Group these fields into a type named (as a first suggestion) RichText, so that

{
  //...
  "caption": "123"
  "caption_entities": [...]
  "parse_mode": "HTML"
  //...
}

becomes

{
  //...
  "caption: {
    "text": "123",
    "entitites": [...]
    "parse_mode": "HTML"
  }
  //...
}

Note: I know that the example having both parse_mode and enities is incorrect, just didn't want to split it into two examples for each case.

Cons

  • As mentioned before, it's a breaking change. The old formats of course can be supported for some time. This is also a change to a very core feature of the API
  • More boilerplate nesting for simple cases (without formatting). This can be softened a bit by allowing a field caption in above example be of type RichText or String

Pros

  • Less duplicates in documentation and client-library code.
  • Client-library developers can provide type-safe means to produce this rich text and prevent library client form passing HTML text with Markdown parse mode. Nothing prevents library developers from doing so now, but in that case they're responsible for converting data from their input format to telegram-bot-api format which can cause bugs and also confusing for library clients (the more library API is aligned with Telegram API the better)
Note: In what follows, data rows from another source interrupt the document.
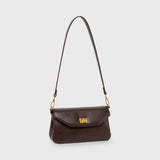 Brown Leather-Look Crossbody Bag with Adjustable Shoulder Strap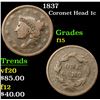 Image 1 : 1837 Coronet Head Large Cent 1c Grades f+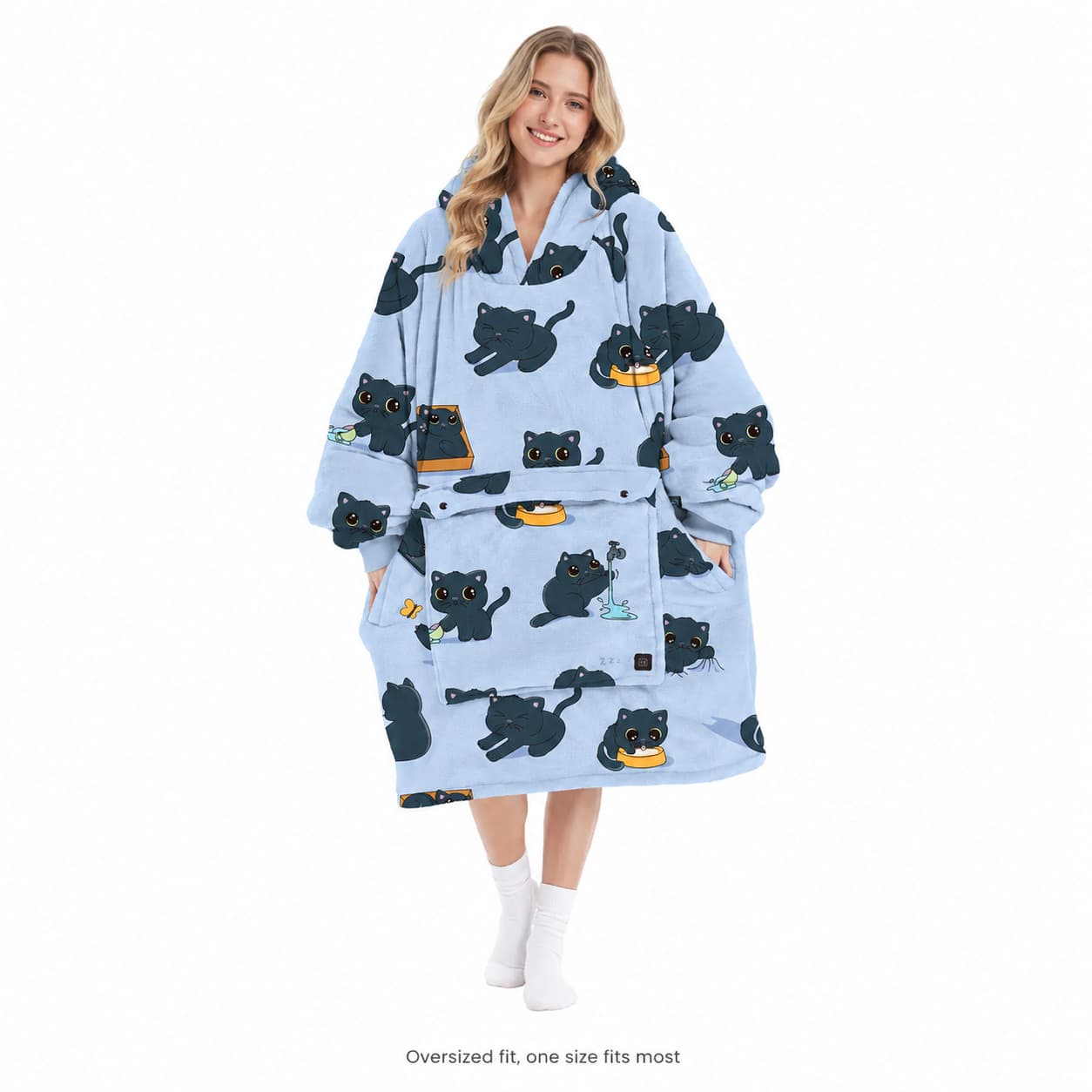 USB Heated Wearable Blanket Hoodie – 3-Zone Flannel Warmth | Traverseon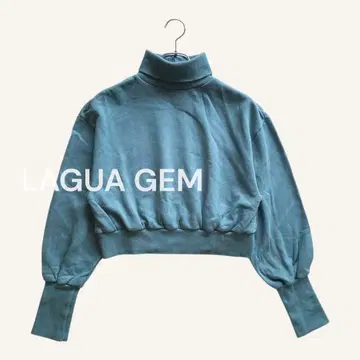 LAGUA GEM 맨투맨 블루 터틀넥 크롭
Additional concern: output rich text

Besides the method arguments, there are data returned as a response or update, which can also contain rich text. In that case there is always no parse_mode. This can be solved by splitting RichText into subtypes:

  • RichTextWithEntities
  • RichTextMarkdown
  • RichTextMarkdownV2
  • RichTextHTML

In this case, the input type would be RichText (or String?) and the output type would be RichTextWithEntities.

@levlam
Copy link
Contributor

levlam commented Feb 12, 2024

You correctly and precisely described consequences of that API change. I have nothing to disprove, but let me add some comments on the mentioned pros and cons.

As mentioned before, it's a breaking change. The old formats of course can be supported for some time. This is also a change to a very core feature of the API

This isn't an issue, given the old way will be supported forever and will be removed only from the documentation as happens with all Bot API changes.

More boilerplate nesting for simple cases (without formatting).

This is a real issue and the main reason why API looks like it is. Bot API very often flattens API to simplify common usages, like it is done with all methods for messages sending, or was done with "reply_to_message_id" or "disable_web_page_preview".

This can be softened a bit by allowing a field caption in above example be of type RichText or String

I like this proposal, but there are a lot of popular programming languages that will not be able to implement the same. Also, it could be harder to understand, how to use such fields.

Less duplicates in documentation and client-library code.

This is also true, but changing many similar fields in the documentation is only slightly harder than changing one. Also, it affects mostly writers of the documentation and client-library code.

Client-library developers can provide type-safe means to produce this rich text and prevent library client form passing HTML text with Markdown parse mode. Nothing prevents library developers from doing so now, but in that case they're responsible for converting data from their input format to telegram-bot-api format which can cause bugs and also confusing for library clients (the more library API is aligned with Telegram API the better)

Yes, this can already be done by client libraries. I don't agree that parameters flattening is hard or likely to have bugs. I also don't agree that API of client libraries should be perfectly aligned with Telegram API. They should provide simple access to most raw methods, but libraries advantage comes from the provided syntactic sugar, shorthands, language-specific features, update processing pipelines, the ability to keep user state. Otherwise, it would be simpler to use raw API directly.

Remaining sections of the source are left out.